--- Entries provided Enclosed Below ---

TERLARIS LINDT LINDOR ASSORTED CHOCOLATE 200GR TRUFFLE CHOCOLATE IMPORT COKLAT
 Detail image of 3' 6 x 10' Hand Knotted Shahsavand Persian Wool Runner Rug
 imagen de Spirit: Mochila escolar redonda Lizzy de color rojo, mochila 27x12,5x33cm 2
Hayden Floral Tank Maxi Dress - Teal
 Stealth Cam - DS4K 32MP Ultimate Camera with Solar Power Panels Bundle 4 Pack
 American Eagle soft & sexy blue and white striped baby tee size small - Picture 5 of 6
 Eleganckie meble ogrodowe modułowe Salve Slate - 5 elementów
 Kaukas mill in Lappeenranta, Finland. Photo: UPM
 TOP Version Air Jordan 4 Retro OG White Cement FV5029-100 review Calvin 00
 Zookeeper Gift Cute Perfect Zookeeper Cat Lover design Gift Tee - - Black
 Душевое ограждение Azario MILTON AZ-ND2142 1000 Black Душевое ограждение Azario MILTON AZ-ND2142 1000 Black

--- End of Enclosed Entries provided ---

Problem:
Reproduce the records above with every character intact.

Response:
TERLARIS LINDT LINDOR ASSORTED CHOCOLATE 200GR TRUFFLE CHOCOLATE IMPORT COKLAT
 Detail image of 3' 6 x 10' Hand Knotted Shahsavand Persian Wool Runner Rug
 imagen de Spirit: Mochila escolar redonda Lizzy de color rojo, mochila 27x12,5x33cm 2
Hayden Floral Tank Maxi Dress - Teal
 Stealth Cam - DS4K 32MP Ultimate Camera with Solar Power Panels Bundle 4 Pack
 American Eagle soft & sexy blue and white striped baby tee size small - Picture 5 of 6
 Eleganckie meble ogrodowe modułowe Salve Slate - 5 elementów
 Kaukas mill in Lappeenranta, Finland. Photo: UPM
 TOP Version Air Jordan 4 Retro OG White Cement FV5029-100 review Calvin 00
 Zookeeper Gift Cute Perfect Zookeeper Cat Lover design Gift Tee - - Black
 Душевое ограждение Azario MILTON AZ-ND2142 1000 Black Душевое ограждение Azario MILTON AZ-ND2142 1000 Black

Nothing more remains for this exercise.